'Go all in on understanding how to make your workplace neuro-inclusive'

The Digital Picnic covers costs of autism, ADHD assessments for employees

'Go all in on understanding how to make your workplace neuro-inclusive'

This year, marketing agency The Digital Picnic (TDP) announced it will be covering all costs of autism and ADHD assessments for employees to create a more neuro-inclusive workplace.

In what TPD describes as an Australian first, the new policy will cover the costs of the assessments – which can cost upwards of $2000 – as part of its yearly professional development budget.

Cherie Clonan, CEO of TDP, told HRD Australia the new program stemmed from her own lived experience as an autistic woman.

“I'm also raising two autistic children and I just started to look at how settings approach my children,” she said. “So let's look at the school setting, for example. When that school learns that they're both autistic, they're like, ‘Great, let's talk about accommodations, how we can make the setting work better for them’. They like to see as much paperwork as they can so that they can see that list of things that will really help them individually thrive.

“And I just thought, when do we stop doing this? Because autistic children grow into autistic adults. And why are workplaces not doing the same thing?

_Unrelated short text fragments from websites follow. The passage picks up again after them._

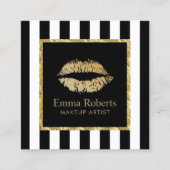 メイクアップアーティスト金ゴールドリップサロンストライプモダン スクエア名刺 (正面)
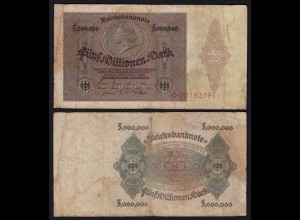 Ro 88 5-Million Mark Banknoten 1923 VG (5) Pick 90 Serie C (21364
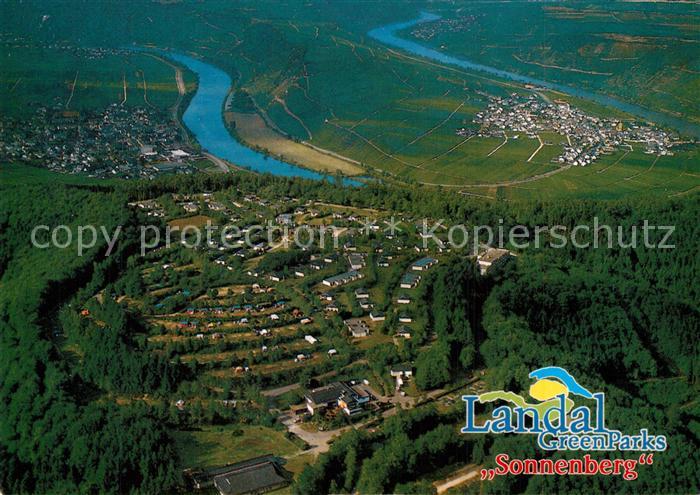 Leiwen Mosel Ferienpark Moselschleife Fliegeraufnahme mit Leiwen und Trittenheim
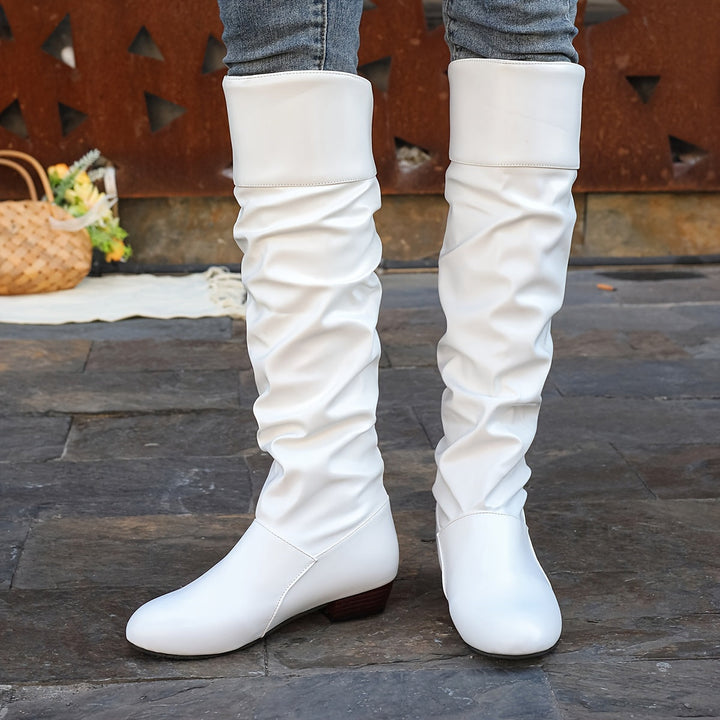 Carolina – Ruched Pull-On Over-the-Knee Boots for Women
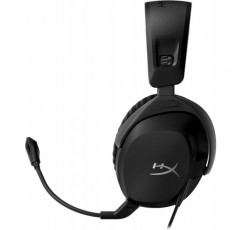 HyperX Cloud Stinger 2 - 크기 조정, 마이크가 있는 경량 오버이어 헤드셋, 마이크를 뒤집어 음소거, 50mm 드라이버, PC 호환 가능, 블랙 블랙 원 사이즈 Stinger 2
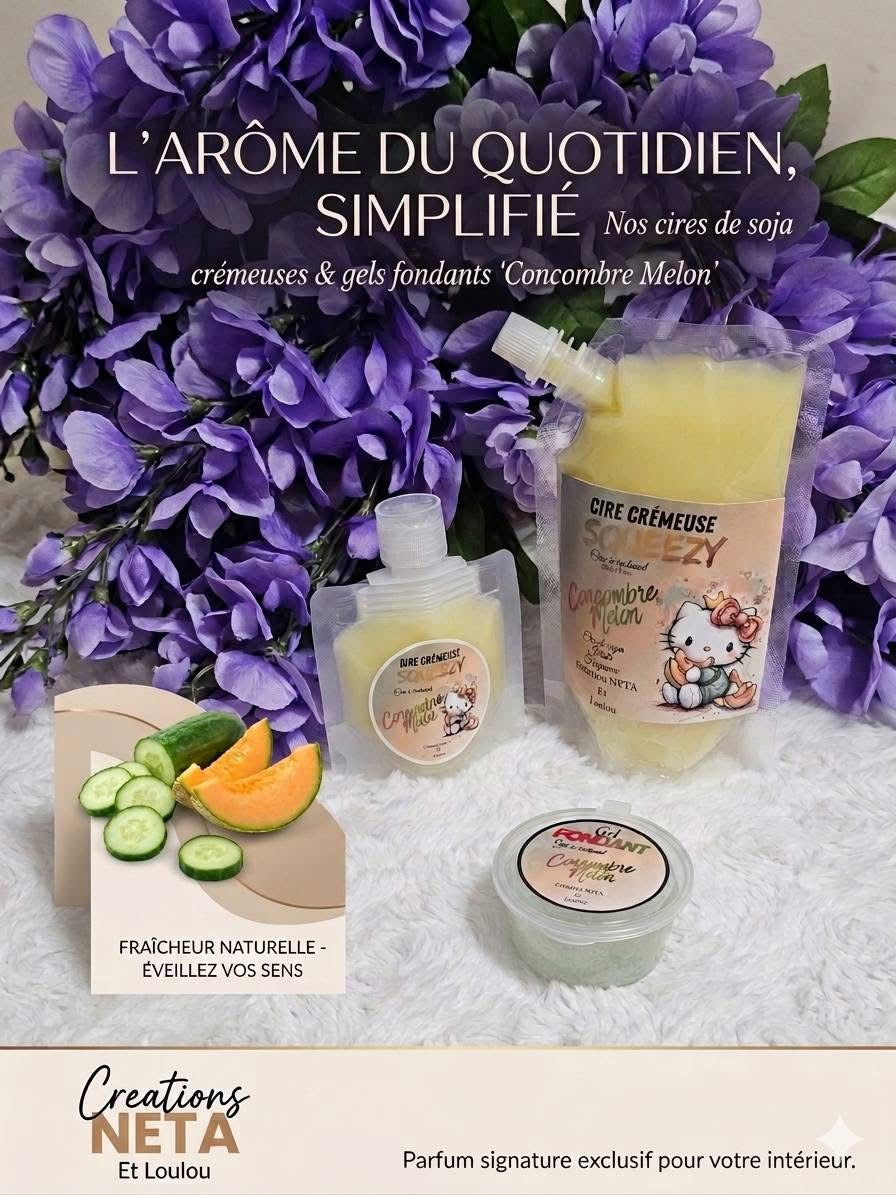 Cire crémeuse à réchaud squeeze concombre et melon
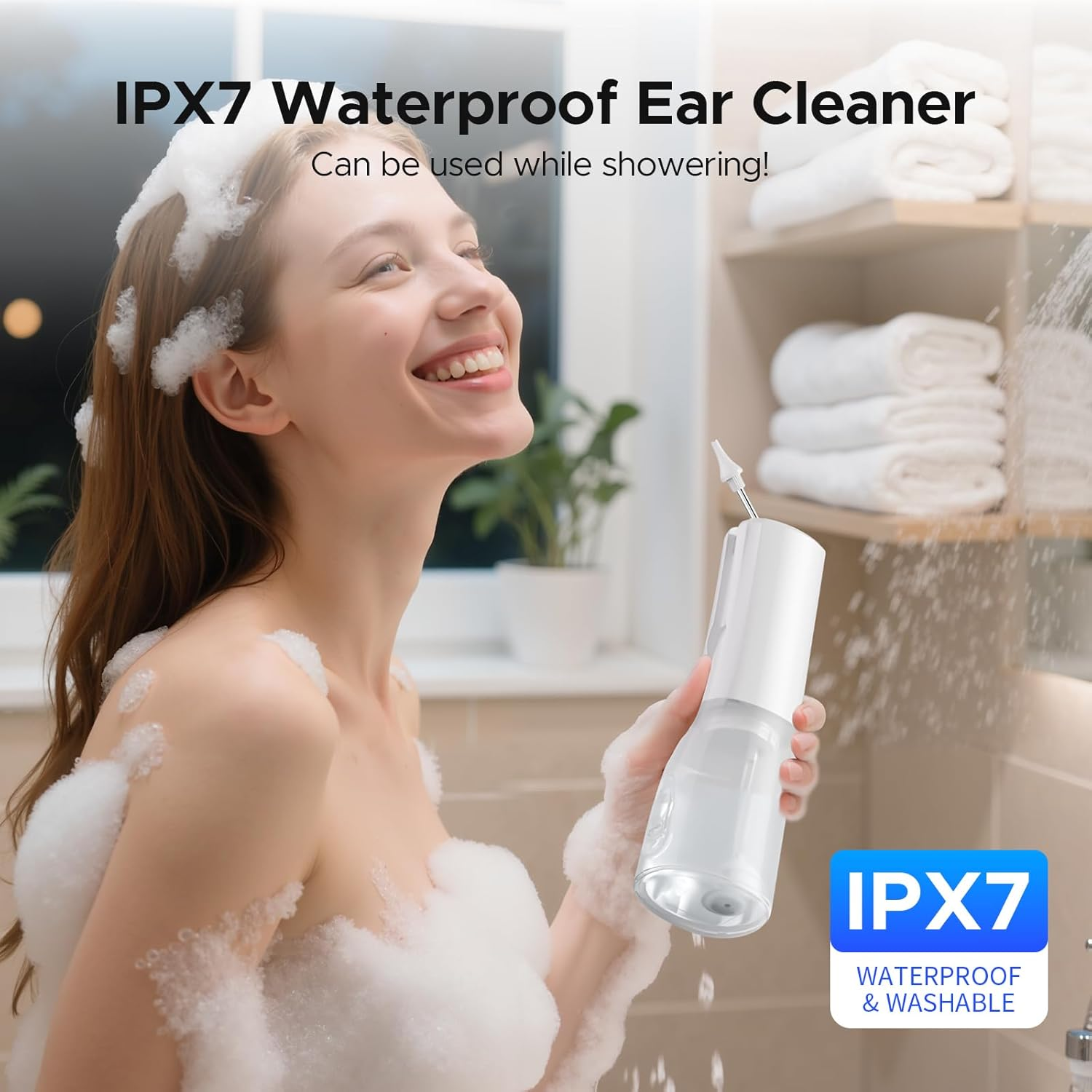 Ear Cleaner, Professional Ear Wax Removal with 6 Tips, 3 Modes, IPX7 Waterproof, USB-C Rechargeable Ear Cleaning Kit for Home Use, White image number 5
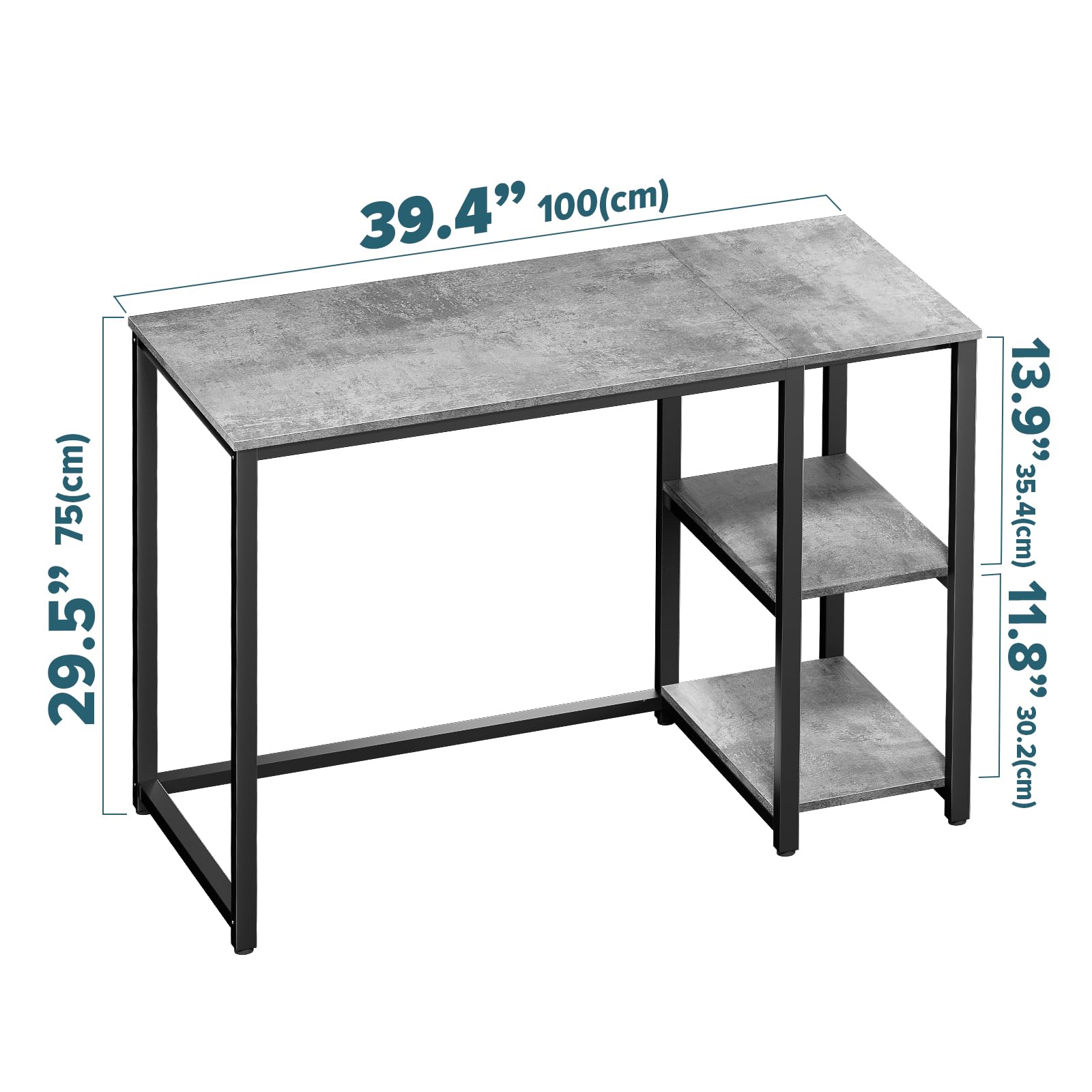 Sinpaid Computer Desk 40 Inches With 2-Tier Shelves Sturdy Home Office Desk With Large Storage Space Modern Gaming Desk Study Writing Laptop Table, Gray Desk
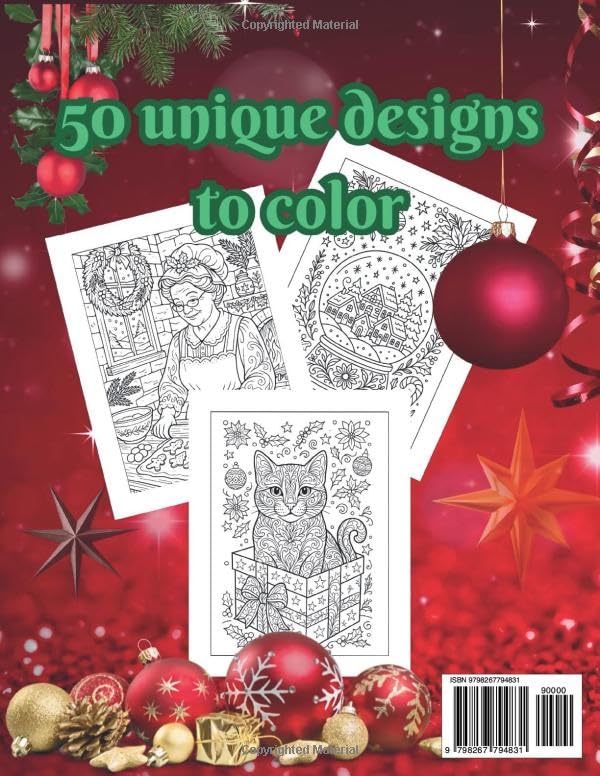 Christmas Coloring Book for Adults: 50 Intricate and Detailed Holiday Illustrations of Winter Magic, Ornaments, Reindeer & Cozy Christmas Scenes. ... Relaxation, Mindfulness & Stress Relief.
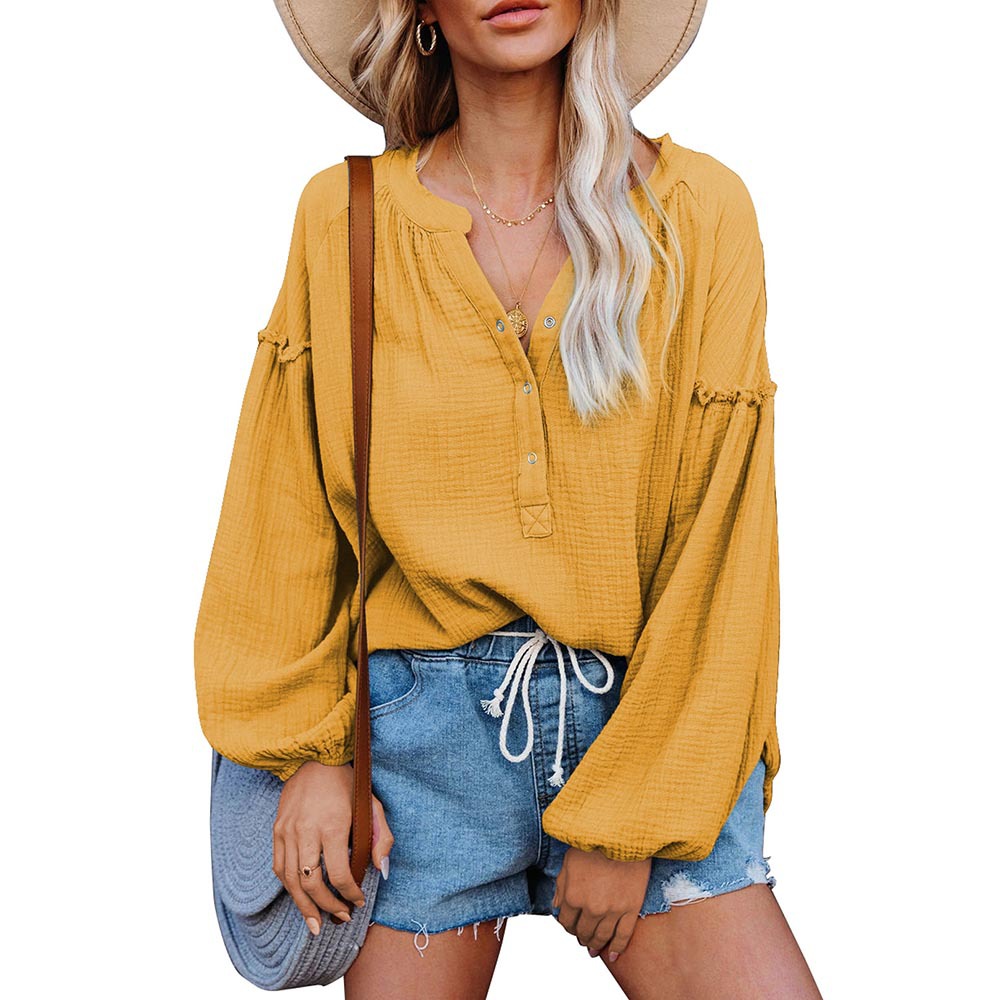 Solid Color Stitching Lantern Sleeves Buttoned V-neck Casual Shirt Women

Why are we not saying, ‘Let's talk about your neurodivergent brain and a different series of accommodations that might help you thrive in this workplace’.”

Implementing a neuro-inclusive policy

Another major reason why Clonan decided to create the new policy was because she recognised she had a largely neurodivergent team.

“I want to make sure that I can do the very best and just keep making the most neuro-inclusive decisions I can possibly make for all of them,” she said.

Clonan explained that if an employee is curious about exploring the new policy, they can flag it with their direct manager or anyone they felt comfortable discussing it with.

“It’s very discreet,” she said. “They can pick any provider they prefer – we never want them to think that this has been linked up to something that we would track in any way shape or form. We do recommend [some providers] – only because we know how important neuro-affirming providers are – so we can give a list of recommendations for them.”

Once an employee goes through that process, they will be given a roughly four-page report, Clonan said. But they don’t have to share any of those results.

“Usually only the last two pages is… full of workplace recommendations that an allied health professional has made for that person and it really helps us design the best environment for them,” she said. “And the accommodations are so simple and I would argue really bare minimum but it just helps them feel seen, celebrated, accommodated for.”

Clonan added that the new policy will help with retention.

“It will help them feel like they're in a place that really wants to make sure that their brain is celebrated here and we work around what they need to thrive,” she said.

Going through the ADHD, autism assessment process

Some of TPD’s employees have already taken up the assessment and while there is no obligation for them to share their results, Clonan has seen some positive outcomes.

“It’s been such a neuro-affirming process because the providers they're working with really focus on all of their neurodivergent strengths,” she said.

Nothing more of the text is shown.